The Los Angeles Lakers fairytale playoff run came to an end on Monday night, as they were officially swept out of the postseason by the Denver Nuggets after losing Game 4 by a score of 113-111. LeBron James had his best game of the playoffs (40 PTS, 10 REB, 9 AST, 15/25 FGM) but even that wasn't enough to prevent the Nuggets from sending the Lakers on vacation.
While making it all the way to the Western Conference Finals after starting the season with a 2-10 record is certainly impressive, it's safe to say it was a trying season for the Lakers. Anything less than winning a championship is not going to cut it for them at this point, and after finally overcoming loads of drama to put together a solid roster, it looks like there will be more drama this upcoming offseason.
This is due in large part to comments James made after Game 4 that suggested he was indeed considering retiring from the NBA after his 20th season in the league. Many folks doubt James is actually going to retire, but with the possibility now firmly on the table, here are three reasons it would be a good idea for James to call it a career.
3. LeBron James' injuries are mounting, and his skills are slightly declining
It's no secret that James isn't getting any younger, as he will turn 39 in December. As James has gotten older, he's remained extremely productive, but he's dealt with more and more injuries, and along the way, his skills have begun to decline ever so slightly. Those injuries are going to keep popping up, and James is only going to continue to regress over time, no matter what he does.
James has missed at least 26 games in four of the past five seasons, and while it's far more important that he's on the floor for the postseason, that is a concerning trend. James was playing through a foot injury that was clearly impacting him in the postseason, and while the lasting taste we have is his dominant Game 4 outing, his per game numbers prior to that 40-point outburst weren't what we were used to seeing from him (23.5 PPG, 10.1 RPG, 5.9 APG, 49.4 FG%, 23.3 3P%).
When he's fully healthy, James is still pretty much as good as he's ever been, but he hasn't really been at full health for quite some time now. And given how he's not getting younger, chances are that won't change anytime soon. Some athletes like to retire while they are still great, so maybe that's the decision James is leaning towards here.

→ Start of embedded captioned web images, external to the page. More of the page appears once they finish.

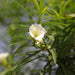 Thevetia nerifolia alba,Lucky Nut White, Bitti White, Trumpet Flower, Be Still Tree, - Kadiyam Nursery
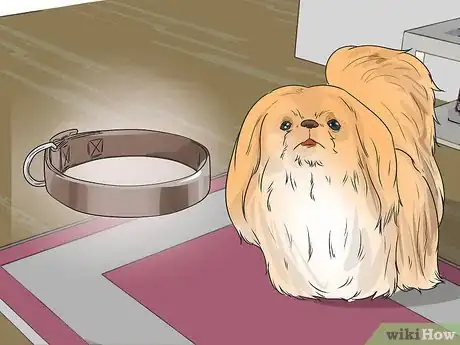 Imagen titulada Start Walking Your Puppy Step 1
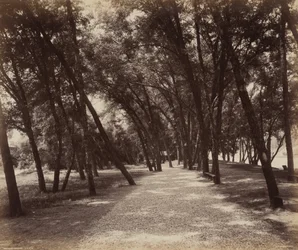 Picknickplaats,c. 1895 (foto)
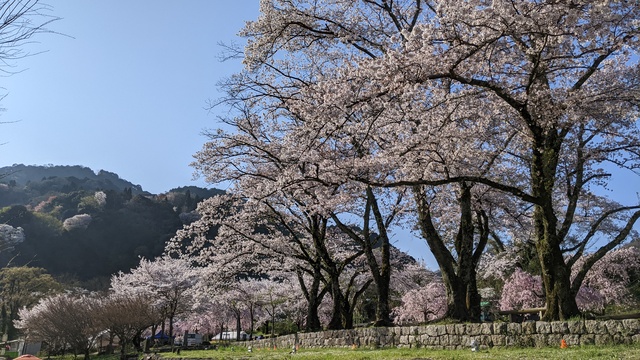 【京都府】笠置キャンプ場／2023年お花見バックパックキャンプ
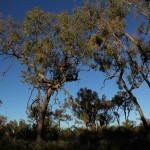 Outback - Bäume am Uluru Ayers Rock - IMG_4773 Outback - Bäume am Uluru Ayers Rock - IMG_4773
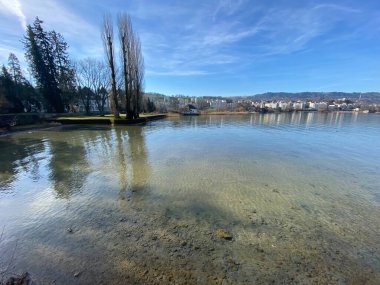 Lake Zurich (Zuerichsee oder Zurichsee) and a coastal landscape with vegetation in late winter in the Au Peninsula area, Wadenswil (Waedenswil) - Canton of Zurich (Zuerich), Switzerland (Schweiz)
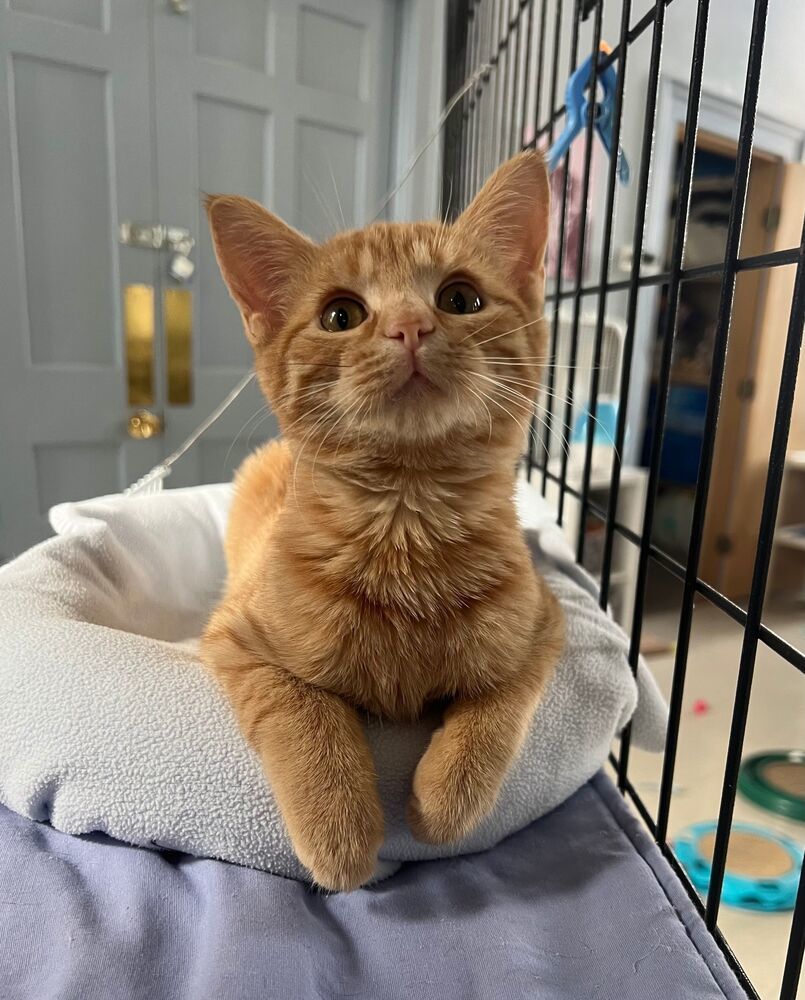 Cat for adoption Josephine, a Domestic Short Hair in McPherson, KS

2. The Lakers haven't shown enough of a desire to build a winner around LeBron James
While Los Angeles did admittedly find their way to the Western Conference Finals, it's clear there is quite a sizable gap between themselves and the Nuggets. They managed to get by turmoil-ridden teams in the Minnesota Timberwolves, Memphis Grizzlies, and Golden State Warriors to make it to their meeting with the Nuggets, but it's hard to truly believe this team was a championship-caliber squad.
Many of the Lakers flaws once again came to light in their latest series. Anthony Davis was vastly outplayed by Nikola Jokic, and the depth behind their top players in James and Davis struggled for much of the series. D'Angelo Russell, who was this team's savior for a point in time, was so bad that he was benched in Game 4, and now it seems as if even he may not be back in Los Angeles next season.
Even before this, the Lakers waited way too long to unload Russell Westbrook when it was clear his fit was not working with the team, and that inadvertently may have cost LA a real chance to compete for a title this season. Los Angeles doesn't have the resources to build a true contender around James anymore either, and even if they did, history has shown us that they wouldn't be in a rush to do so either.
1. LeBron James doesn't have anything left he truly needs to accomplish
The list of accolades James has picked up throughout his career is quite lengthy. If he isn't the best player to ever play in the NBA, he's easily in the top three, and there's really no debating that anymore. James broke the NBA's all-time scoring record this season with the Lakers, crossing off another item on his basketball bucket list.
At this point, you can make a case that James has accomplished everything he needs to. He's a surefire Hall of Famer, and the only thing he really seems to want to do is play alongside his son Bronny, who will be eligible for the 2024 NBA Draft. But making that happen is going to be a lot easier said than done, and there's no guarantee it's an idea Bronny is even receptive to.
James has done just about everything he set out to accomplish when he was drafted by the Cleveland Cavaliers back in 2003, and while it would be nice to add another ring to the collection, that simply may not be possible with this Lakers team anymore. If James is playing just to continue to prove something to others, he has nothing left to prove, which is why retiring makes sense if it is truly something he is considering.